▶ To do
Starting at the line with "Laxa-Salmon Protein (Amata" and going on through the line with "GLUCERNA PROTEIN SMART", reproduce each line in the records below exactly and nothing more.

▶ Available data
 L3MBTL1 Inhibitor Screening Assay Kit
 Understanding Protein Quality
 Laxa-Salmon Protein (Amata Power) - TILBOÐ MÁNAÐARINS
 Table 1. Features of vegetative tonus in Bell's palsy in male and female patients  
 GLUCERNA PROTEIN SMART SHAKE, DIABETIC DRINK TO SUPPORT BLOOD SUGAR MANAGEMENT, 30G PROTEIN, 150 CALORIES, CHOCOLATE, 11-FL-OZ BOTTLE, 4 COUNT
* * *
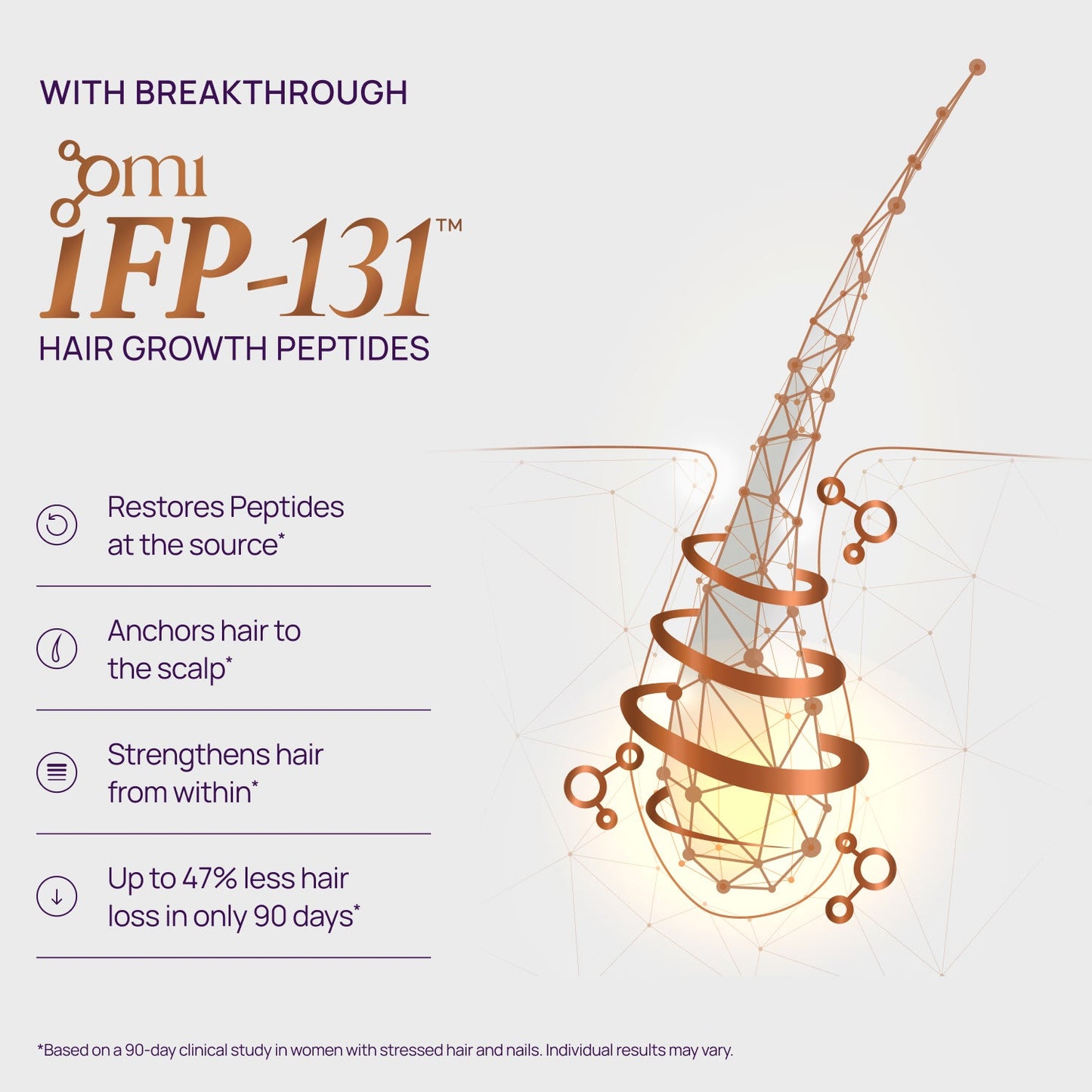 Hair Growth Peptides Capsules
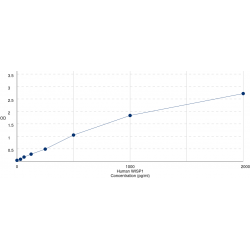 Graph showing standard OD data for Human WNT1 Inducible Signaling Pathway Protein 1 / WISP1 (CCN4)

▶ Answer space
 Laxa-Salmon Protein (Amata Power) - TILBOÐ MÁNAÐARINS
 Table 1. Features of vegetative tonus in Bell's palsy in male and female patients  
 GLUCERNA PROTEIN SMART SHAKE, DIABETIC DRINK TO SUPPORT BLOOD SUGAR MANAGEMENT, 30G PROTEIN, 150 CALORIES, CHOCOLATE, 11-FL-OZ BOTTLE, 4 COUNT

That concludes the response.